Certain passages of the book have aroused controversy, specifically sections suggesting terrorism as a form of asymmetric warfare in order to weaken technologically superior enemies such as the United States.

==Alternative methods of attack==
Reducing one's opponent, the book notes, can be accomplished in a number of ways other than direct military confrontation. The book notes that these alternative methods "have the same and even greater destructive force than military warfare, and they have already produced serious threats different from the past and in many directions for...national security."

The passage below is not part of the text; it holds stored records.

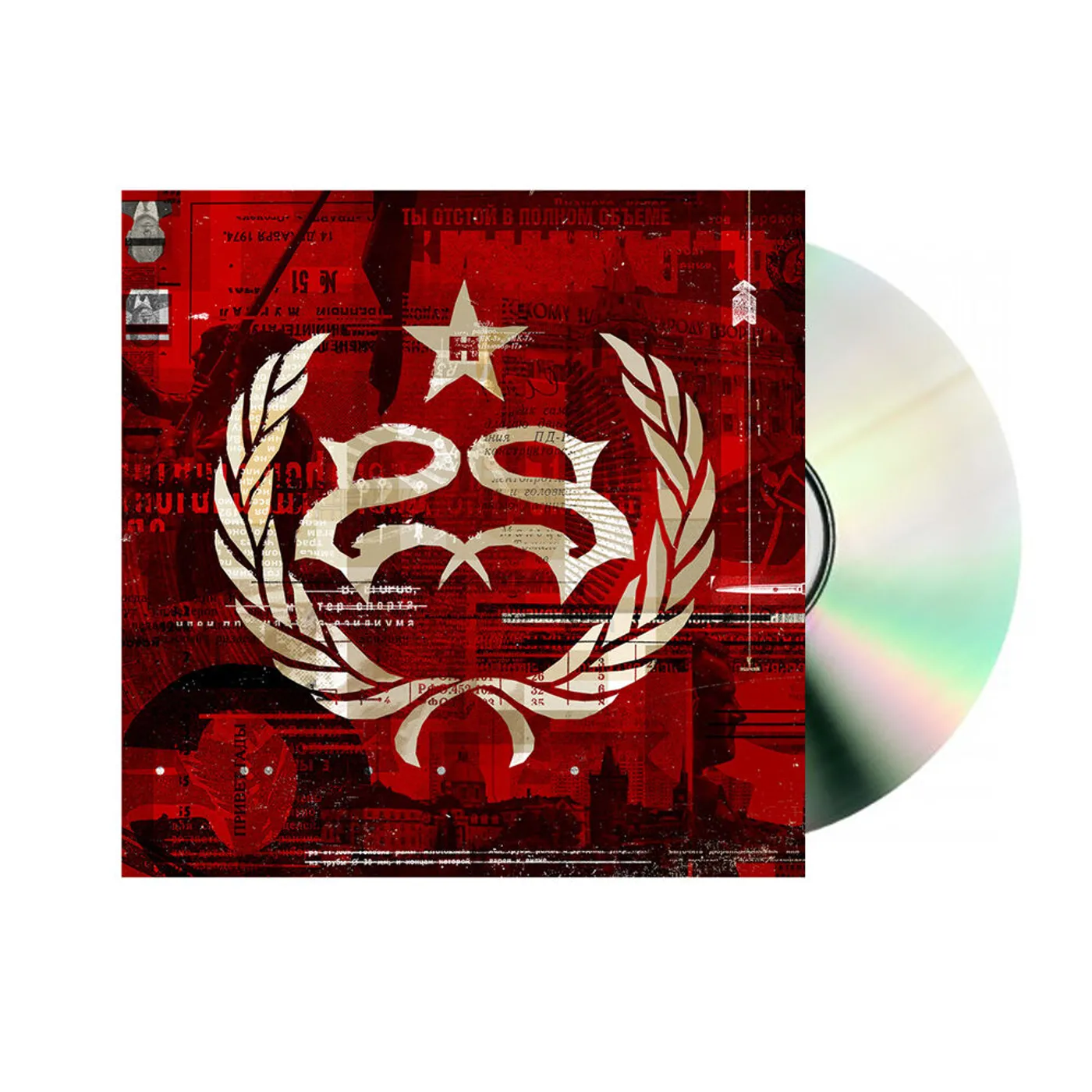 Stone Sour Hydrograd CD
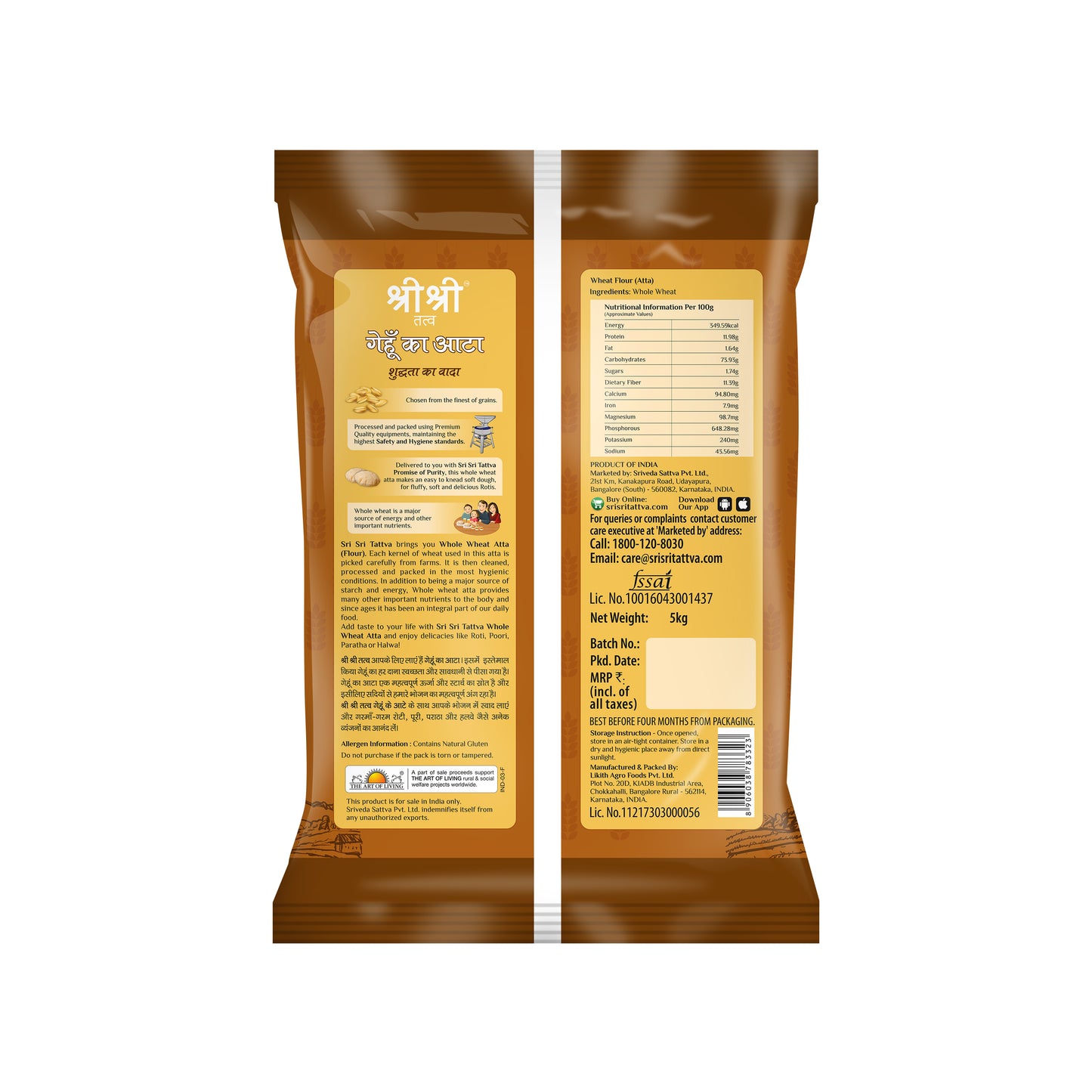 Whole Wheat Atta, 5 +1 Kg (6 Kg Combo)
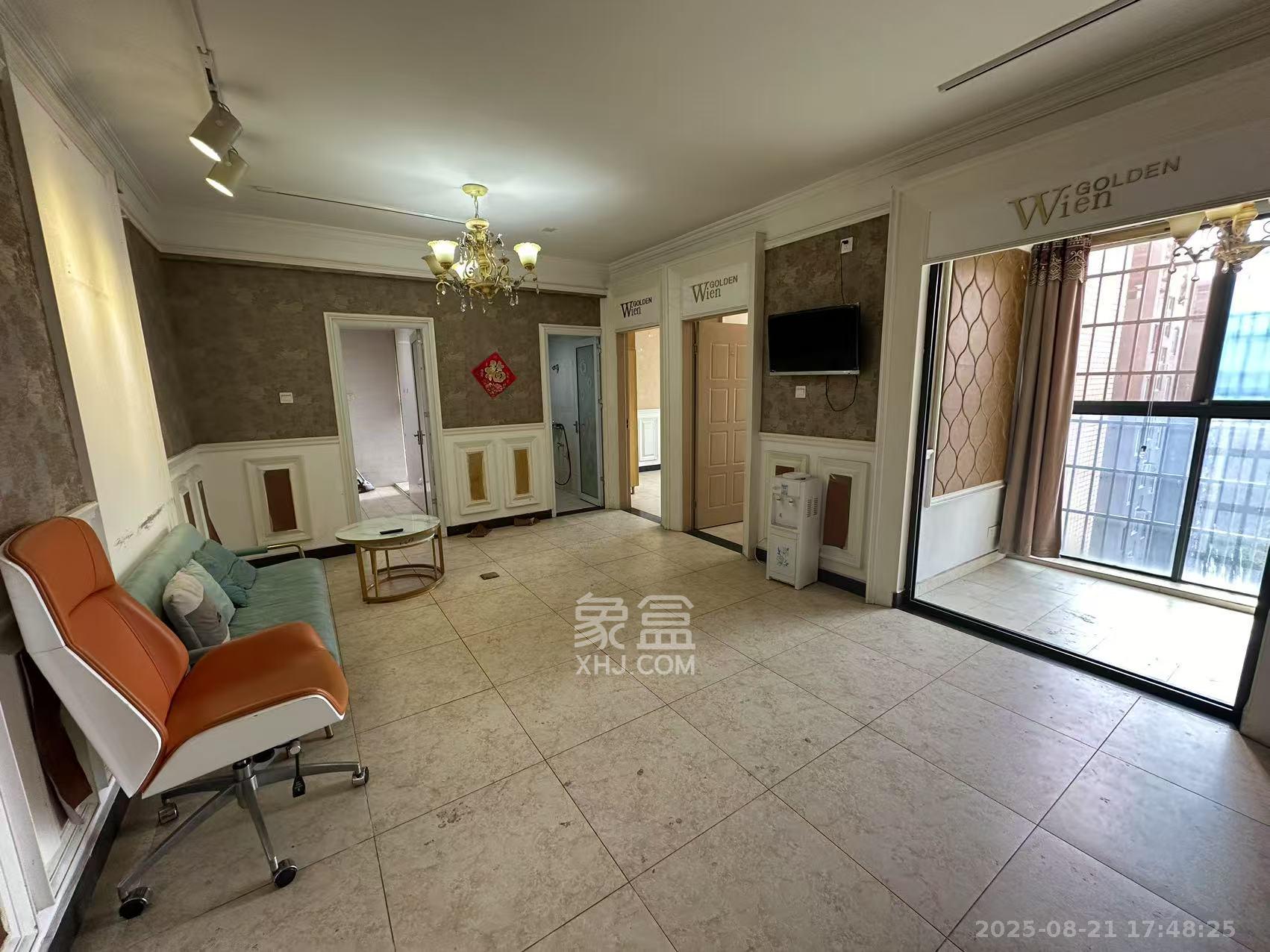 华城广场 2室1厅1卫 2300.0元/月 华城广场 2室1厅1卫 2300.0元/月室内图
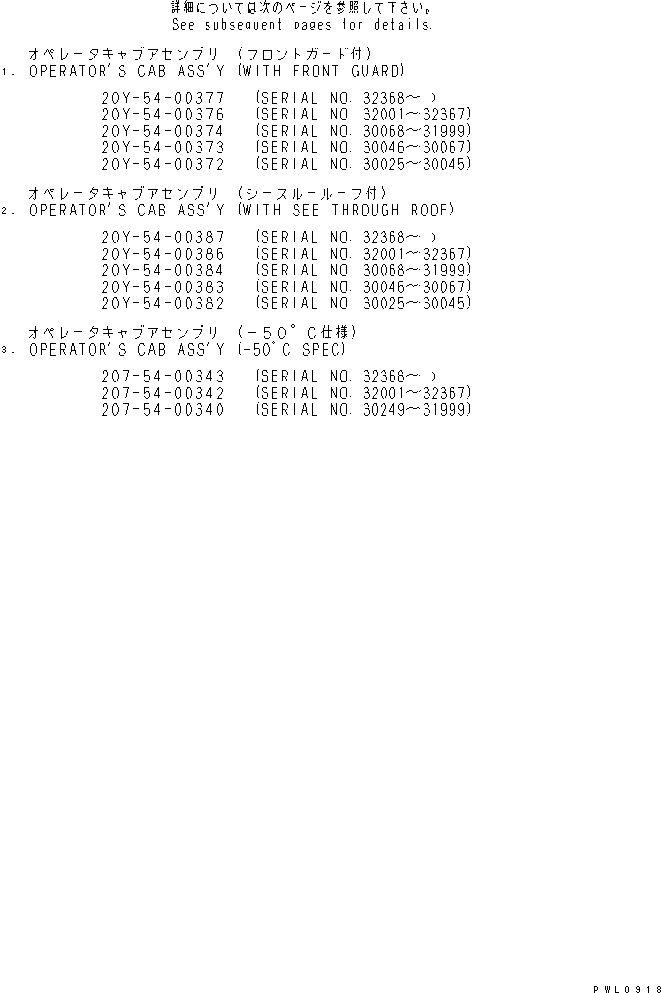 кабина в сборе 207-54-00340 KOMATSU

===List of methods of attack===
- psychological warfare
- smuggling warfare
- media warfare
- drug warfare
- network warfare
- technological warfare
- fabrication warfare
- resources warfare
- economic aid warfare
- cultural warfare
- international law warfare

==Defense against unrestricted warfare==
The authors note that an old-fashioned mentality that considers military action the only offensive action is inadequate given the new range of threats. Instead, the authors advocate forming a "composite force in all aspects related to national interest. Moreover, given this type of composite force, it is also necessary to have this type of composite force to become the means that can be utilized for actual operations. This should be a "grand warfare method" that combines all of the dimensions and methods in the two major areas of military and non-military affairs so as to carry out warfare. This is the opposite of the formula for warfare methods brought forth in past wars."

==Impact and reception==
Originally published as a work of military theory, the book has recently garnered renewed interest against the backdrop of deteriorating US-China relations and the trade war initiated by the first Trump Administration. The book is the subject of extensive study by both current and former members of the US military establishment, with numerous papers and articles published on the subject by the National Defense University, Army University Press, and the School of Advanced Warfighting. The book is also the source of inspiration for many separate books, such as Stealth War and War Without Rules by US Air Force Brigadier General Robert Spalding.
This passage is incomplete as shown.